Chu and You eyes Seattle Handicap
AUBURN, Wash. – Eight horses were nominated for Sunday’s $50,000 Seattle Handicap at Emerald Downs, the meeting’s first stakes for 3-year-old fillies, with the speedy Chu and You topping the list of leading contenders.
Chu and You swept the 2-year-old filly stakes series at Emerald last year, capturing each of the three races in gate-to-wire fashion en route to $87,844 in earnings. But she has lost her past two starts, including a sixth in the Rose McLeod Stakes at Hastings in her most recent outing May 3.
Others nominated to the Seattle include Strawberry Dawn, romping winner of a first-level allowance in her first start of the year; Lotta Attitude, who is 2 for 2 at the meeting; recent maiden winner Just a Love; Belladiva, Mylast Sweet Pea, and Sunpenny. The eighth nominee is City by the Bay, who is based at Golden Gate with trainer Bill Morey and is not expected to compete.
◗ Trainer Frank Lucarelli said this week that Gallant Son, the champion 2-year-old at Emerald Downs in 2008, has been returned to training in California and will start three more times before Lucarelli and owner Chris Randall usher the 8-year-old into retirement this fall.
Lucarelli said his first race back could come Aug. 9 in the $50,000 Jess Jackson, a five-furlong turf race at Santa Rosa.

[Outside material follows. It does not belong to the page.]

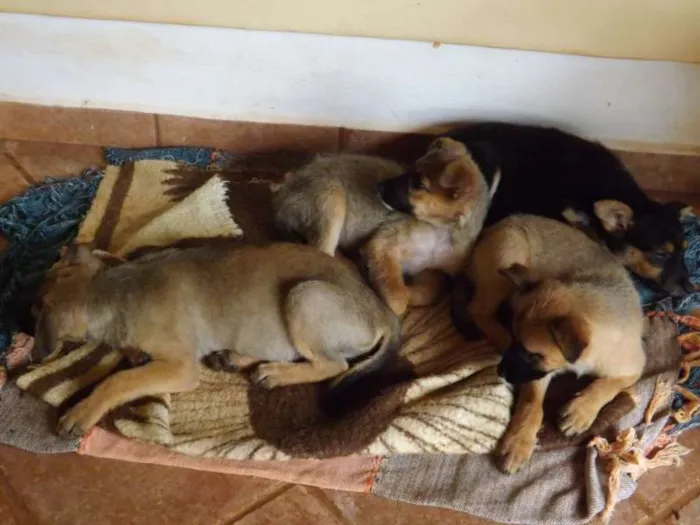 Cachorro raça SRD idade 2 a 6 meses nome Sem nome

“Gallant’s been on the jogger since May 1,” Lucarelli said. “He’s at Ed Moger’s farm right now in Galt, California, which is about an hour and 20 minutes from Golden Gate Fields. Ed gets him pretty darn fit out there.”

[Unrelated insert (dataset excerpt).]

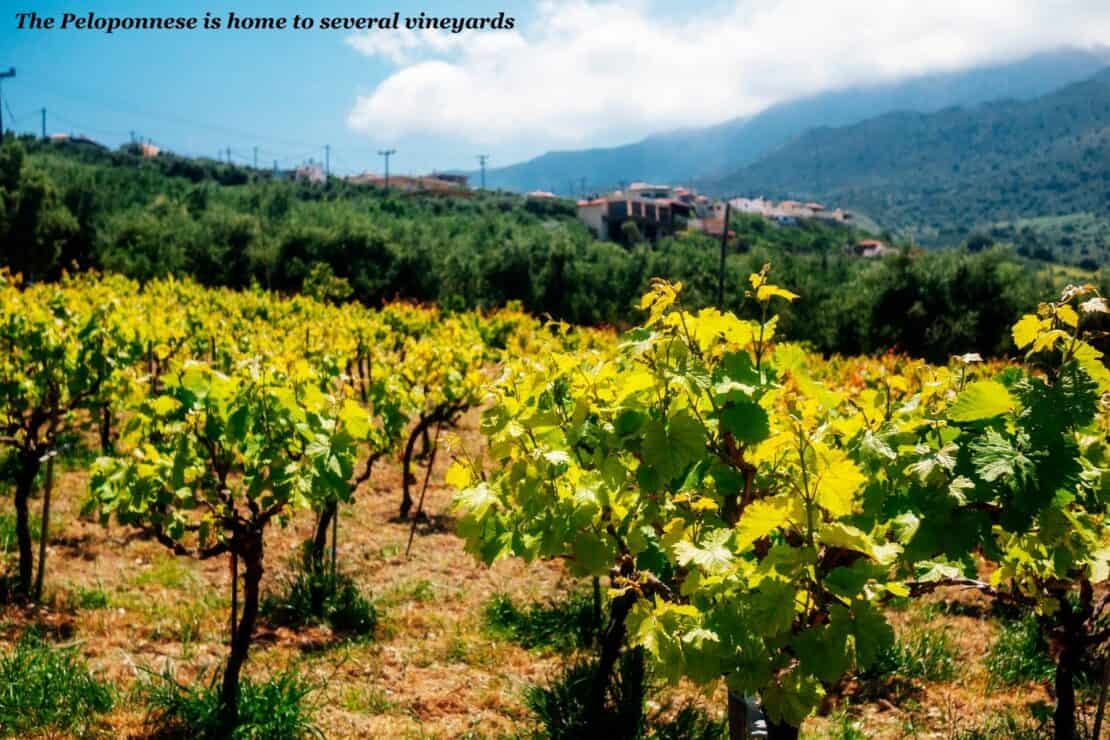 Vineyard in the Peloponnese, Greece - Best Peloponnese Itineraries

Gallant Son has captured 10 of 38 starts with earnings of $520,078. A versatile horse by Malabar Gold, he has won stakes races at four tracks – Emerald, Santa Anita, Hollywood Park, and Golden Gate – while doing most of his best work on grass. In his most recent start, which came in late December, Gallant Son finished third in the Grade 3 Daytona Stakes on the hillside turf course at Santa Anita.

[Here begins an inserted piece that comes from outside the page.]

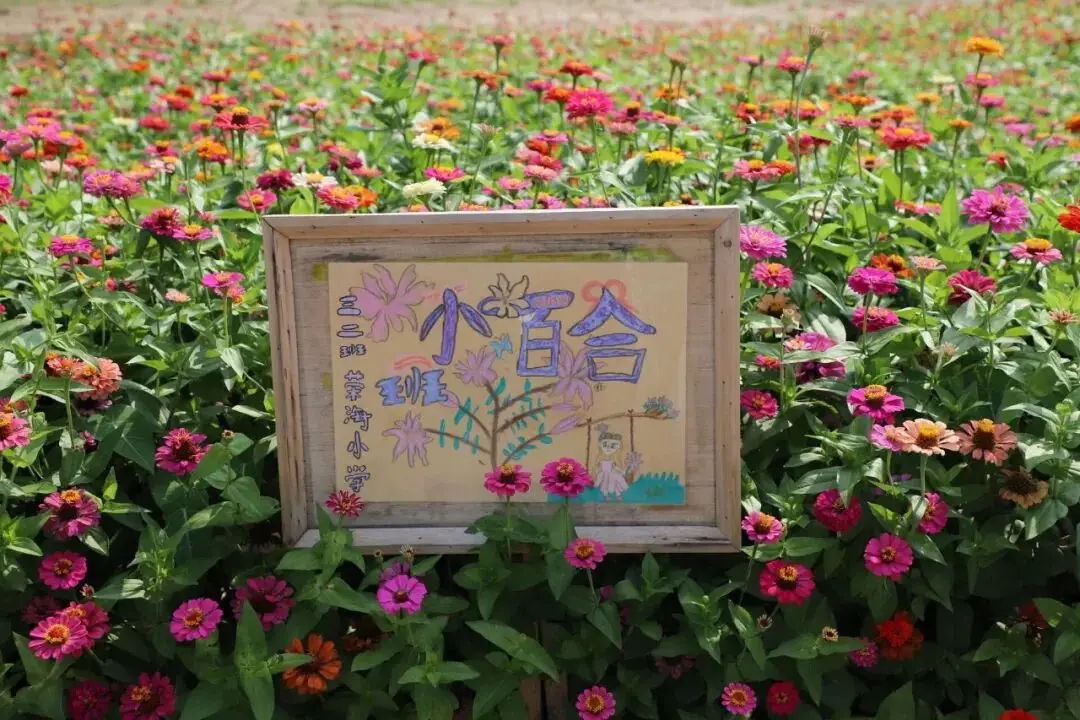 太美了！北京小學生種出浪漫花海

“He ran third, but he grabbed a quarter,” Lucarelli said. “I gave him a couple of weeks, but he wasn’t as happy as he had been, so we kicked him out and freshened him up. He’ll run huge three times in a row, and then he kind of tails off. So we’re going to run him in August, and then twice in the fall, and then retire him. He’ll be 9 next year. He’s been good to us.”